Short web captions:
□ □ □ □ □ □ □

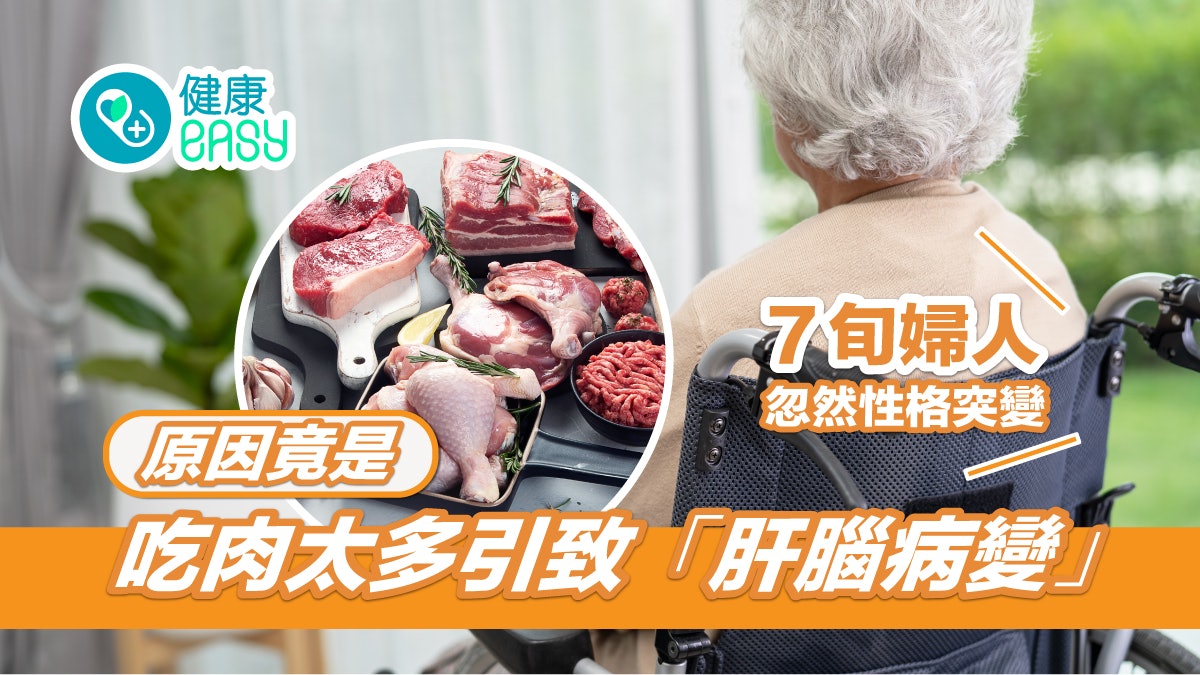肝衰竭|7旬婦人性格突變 原因竟是吃肉太多引致「肝腦病變」 肝衰竭|7旬婦人性格突變 原因竟是吃肉太多引致「肝腦病變」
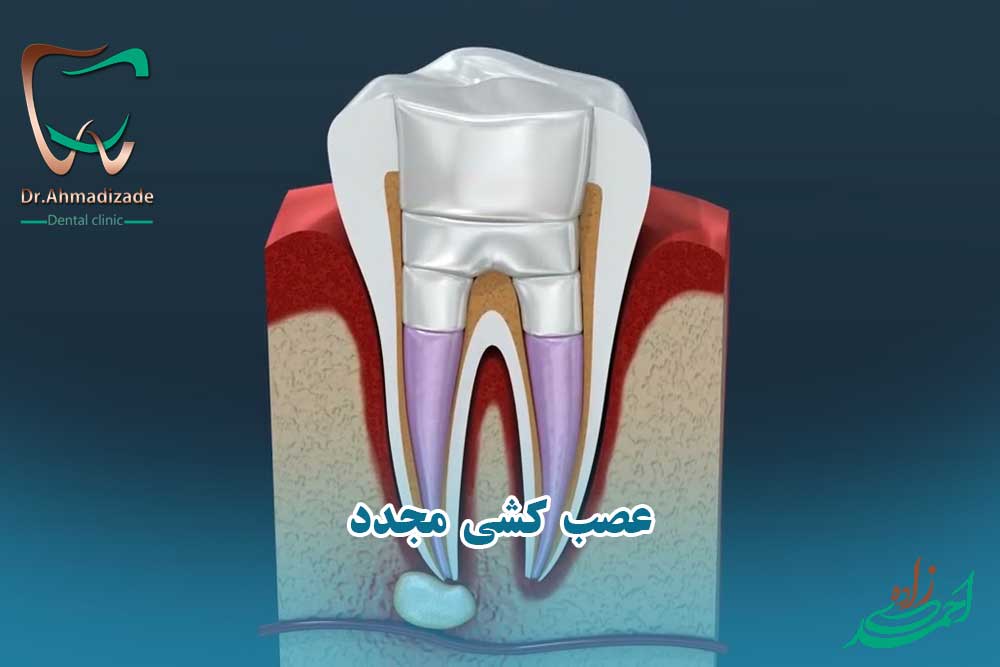 عصب کشی مجدد یا ری اندو چیست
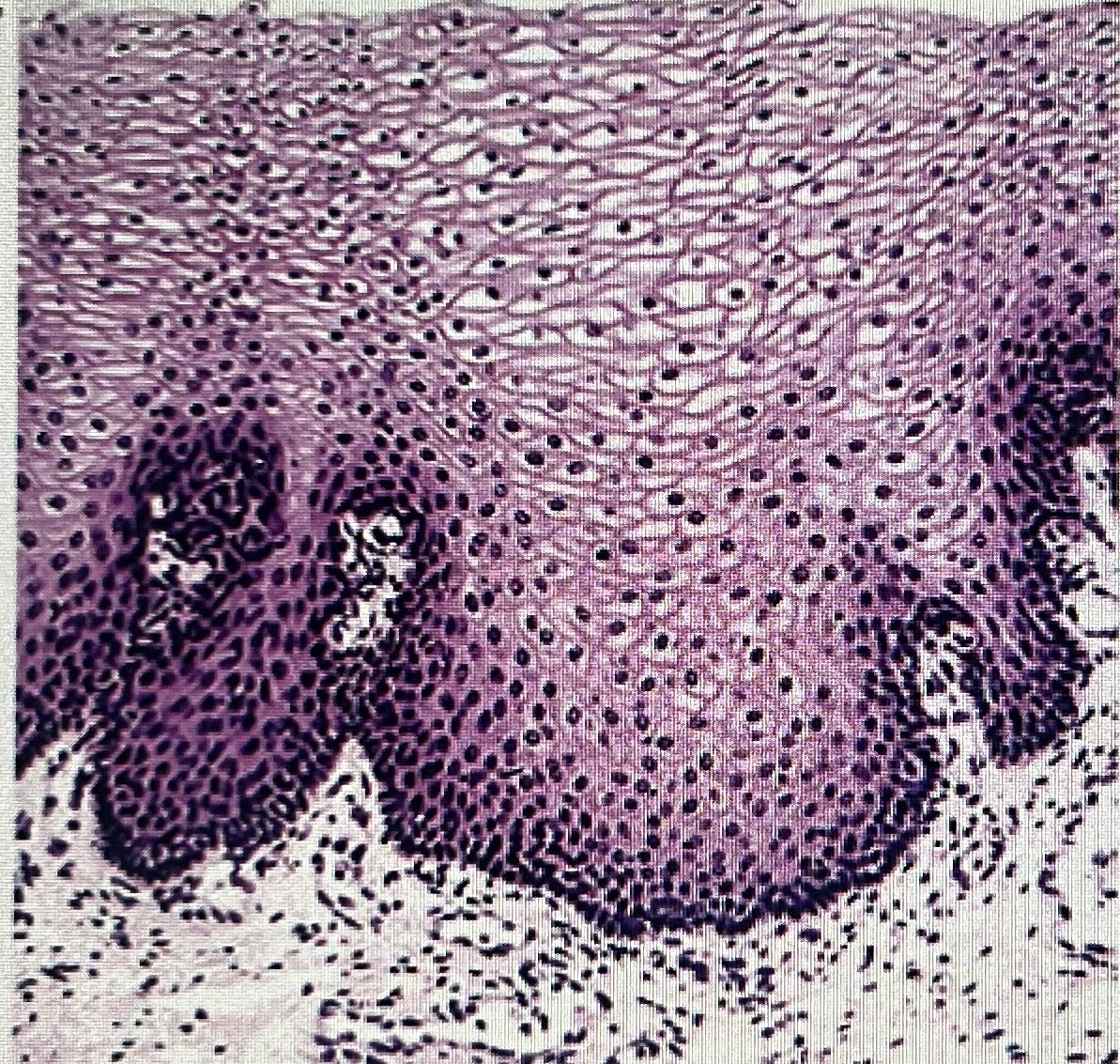 <p>Simple epithelial or stratified epithelial?</p>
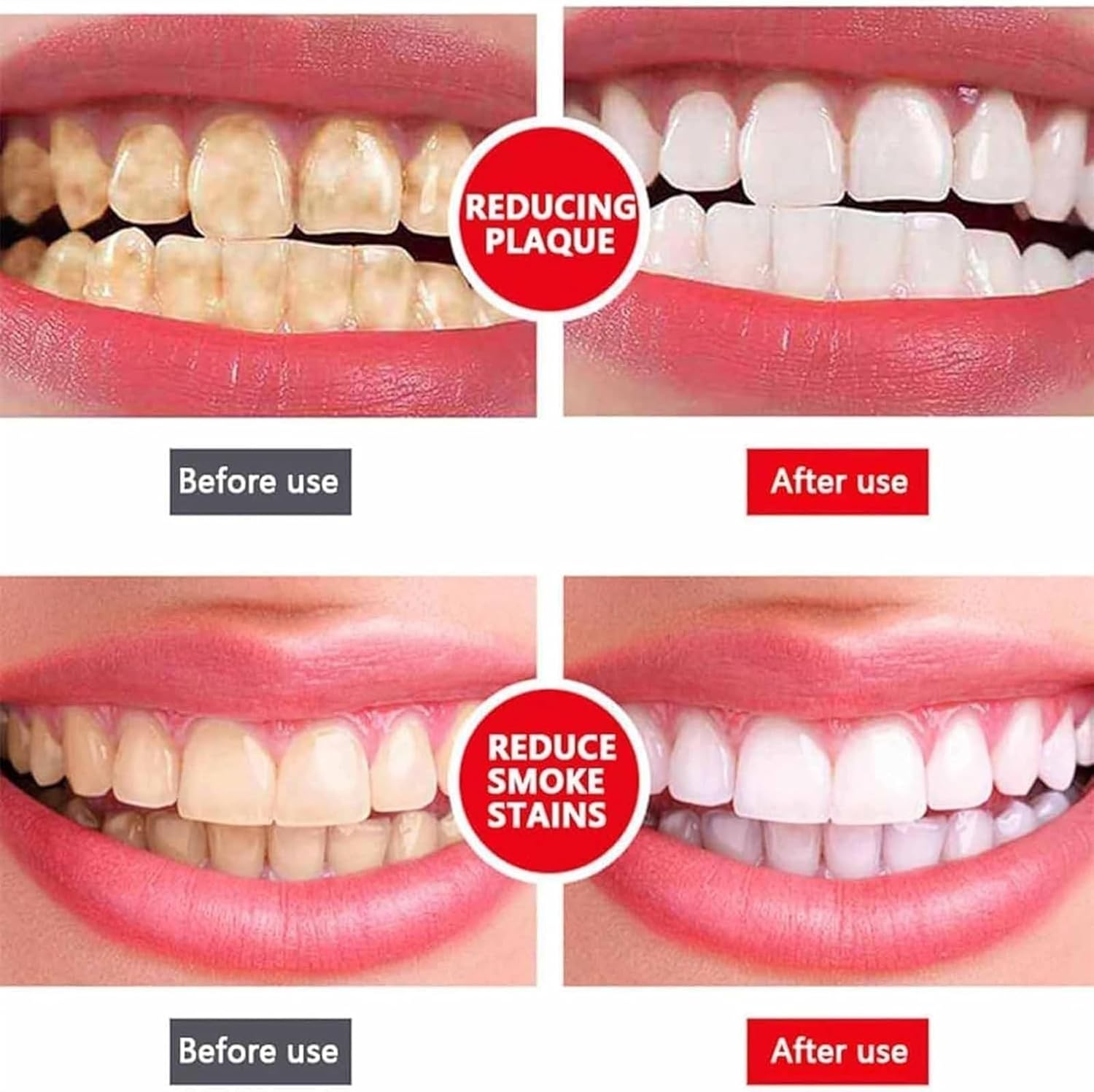 Yayashi Sp-4 Ultra Whitening Toothpaste Probiotic Stain Remover 100ml / Stain Removing Toothpaste, Protects Gums Freshens Breath, for Everyone image 2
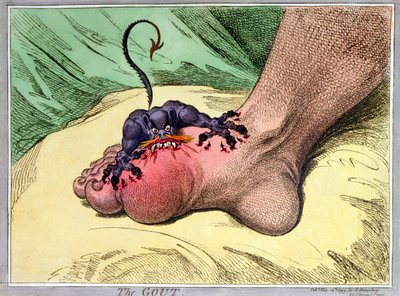 The Gout, publicado por Hannah Humphrey em 1799 (gravura de softdground colorido à mão) de James Gillray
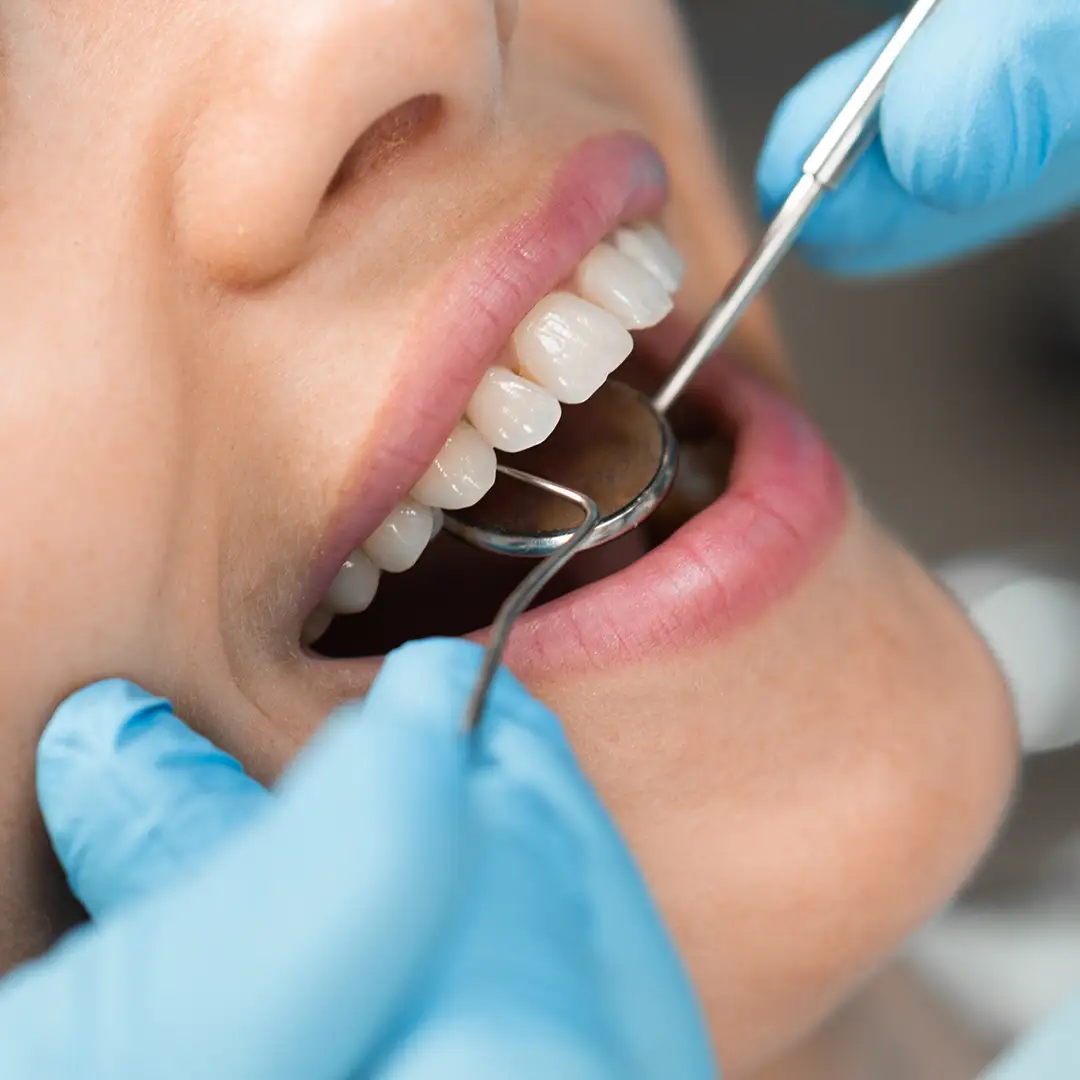 Curare la parodontite - Studio Dentistico Giuva - Dentista Ostia Curare la parodontite - Studio Dentistico Giuva - Dentista Ostia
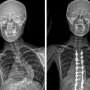 Researchers uncover key genetic clue in adolescent idiopathic
scoliosis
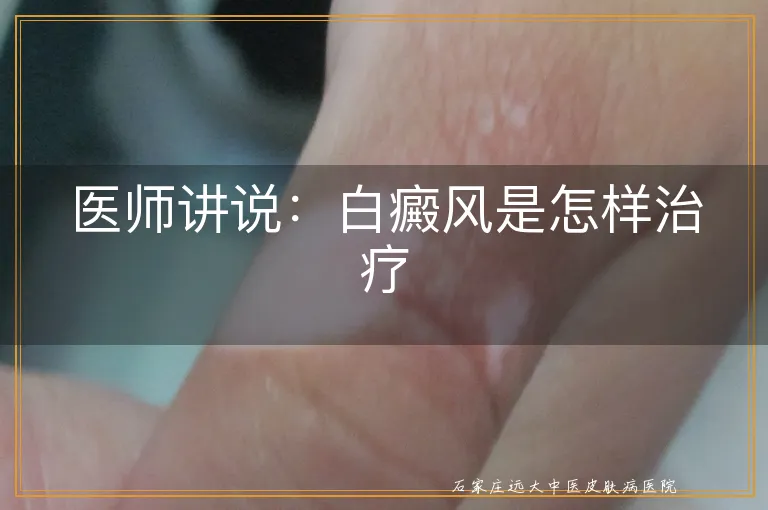 医师讲说：白癜风是怎样治疗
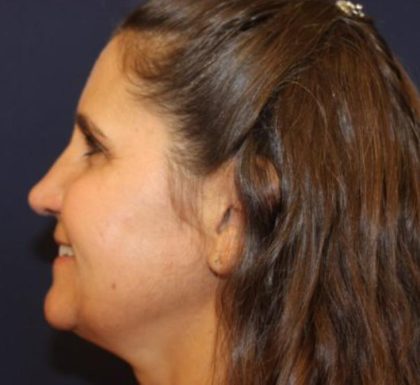 Rhinoplasty Before & After Patient #3848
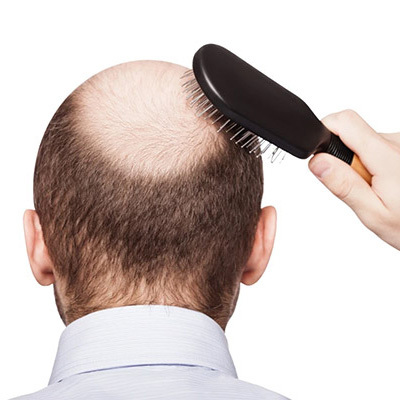How to Stop Baldness - What is the Cure?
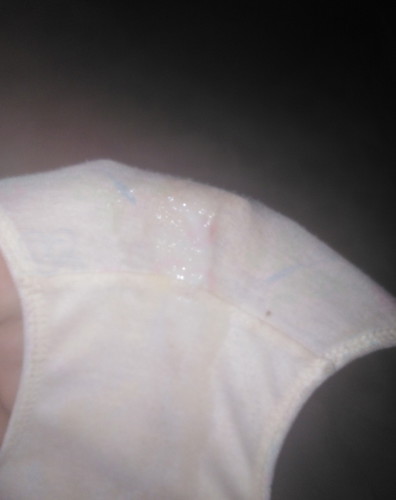 Mucus Plug Or White Discharge Only?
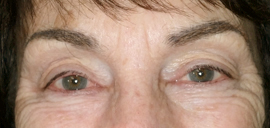 Millie after soft fill brow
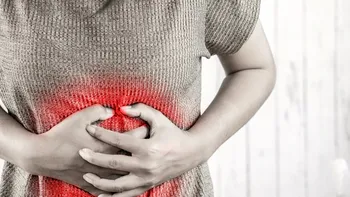 Ce este diverticuloza intestinală, legătura cu sănătatea colonului. Cum o previi, conform medicilor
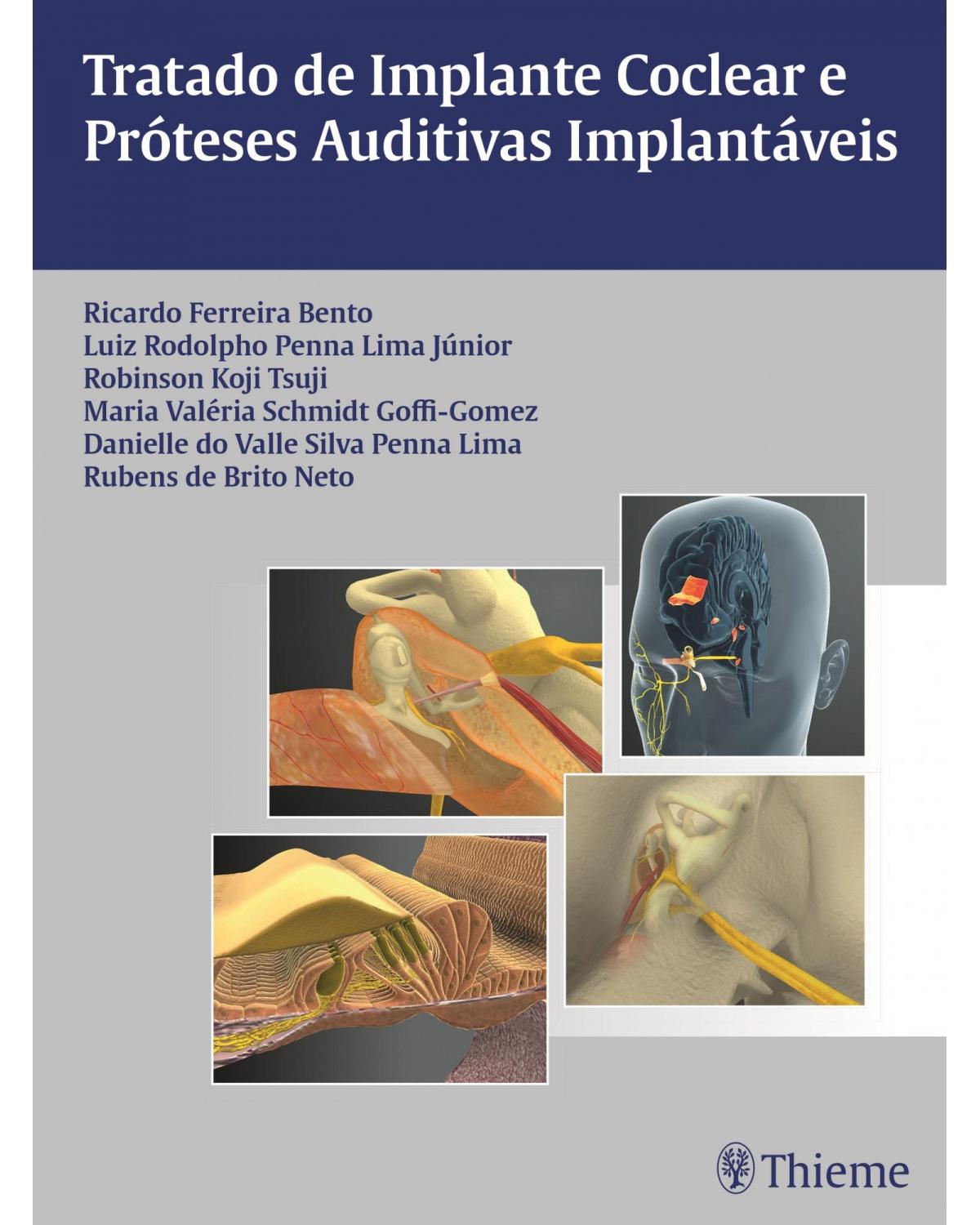 Tratado de implante coclear e próteses auditivas implantáveis - 1ª Edição | 2014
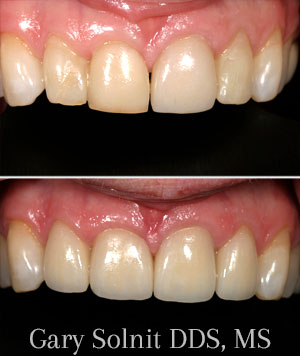 Porcelain Veneers Beverly Hills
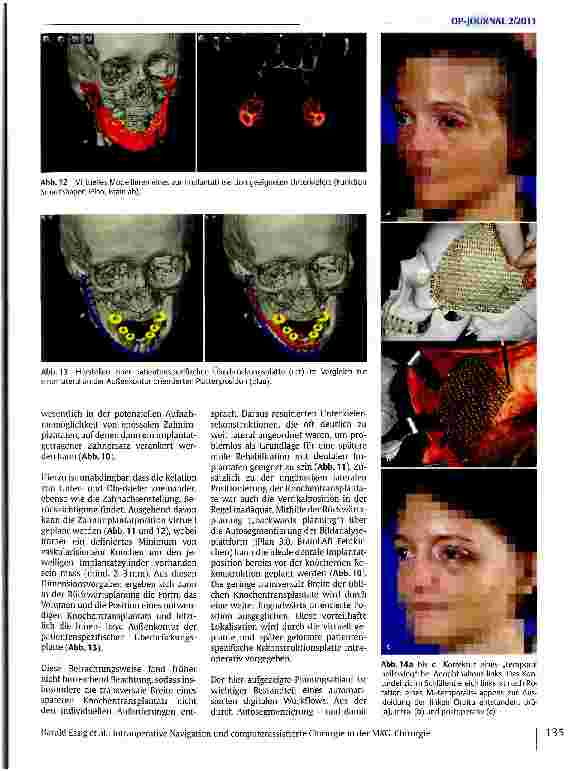 Vorschauseite 6: Intraoperative Navigation und computerassistierte Chirurgie in der MKG-Chirurgie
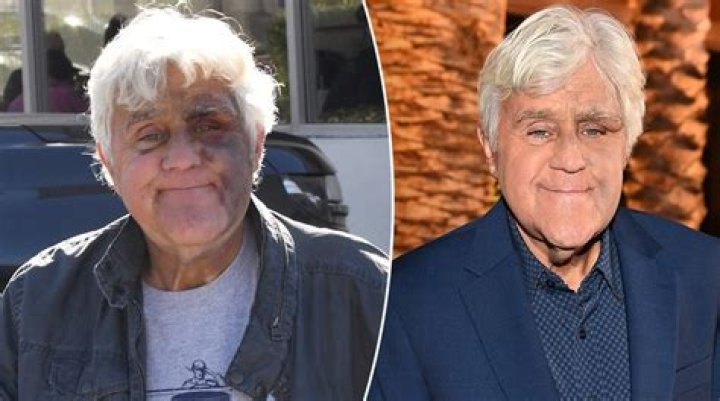 Is Jay Leno Dead? The Truth Behind the Rumors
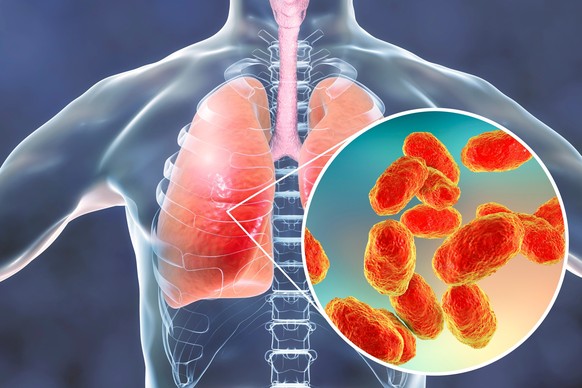 Maladie pulmonaire.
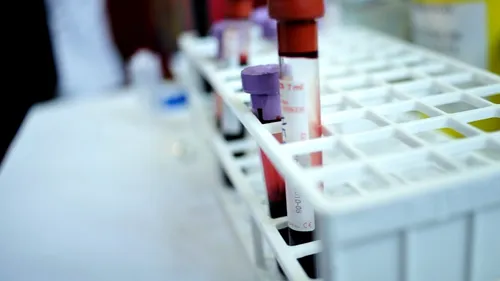 Premieră mondială. Cercetătorii clujeni au creat sânge artificial și sânge incolor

□ □ □ □ □ □ □

After removing each picture, print the entries above exactly as they were.

肝衰竭|7旬婦人性格突變 原因竟是吃肉太多引致「肝腦病變」 肝衰竭|7旬婦人性格突變 原因竟是吃肉太多引致「肝腦病變」
 عصب کشی مجدد یا ری اندو چیست
 <p>Simple epithelial or stratified epithelial?</p>
 Yayashi Sp-4 Ultra Whitening Toothpaste Probiotic Stain Remover 100ml / Stain Removing Toothpaste, Protects Gums Freshens Breath, for Everyone image 2
 The Gout, publicado por Hannah Humphrey em 1799 (gravura de softdground colorido à mão) de James Gillray
 Curare la parodontite - Studio Dentistico Giuva - Dentista Ostia Curare la parodontite - Studio Dentistico Giuva - Dentista Ostia
 Researchers uncover key genetic clue in adolescent idiopathic
scoliosis
 医师讲说：白癜风是怎样治疗
 Rhinoplasty Before & After Patient #3848
How to Stop Baldness - What is the Cure?
 Mucus Plug Or White Discharge Only?
 Millie after soft fill brow
 Ce este diverticuloza intestinală, legătura cu sănătatea colonului. Cum o previi, conform medicilor
 Tratado de implante coclear e próteses auditivas implantáveis - 1ª Edição | 2014
 Porcelain Veneers Beverly Hills
 Vorschauseite 6: Intraoperative Navigation und computerassistierte Chirurgie in der MKG-Chirurgie
 Is Jay Leno Dead? The Truth Behind the Rumors
 Maladie pulmonaire.
 Premieră mondială. Cercetătorii clujeni au creat sânge artificial și sânge incolor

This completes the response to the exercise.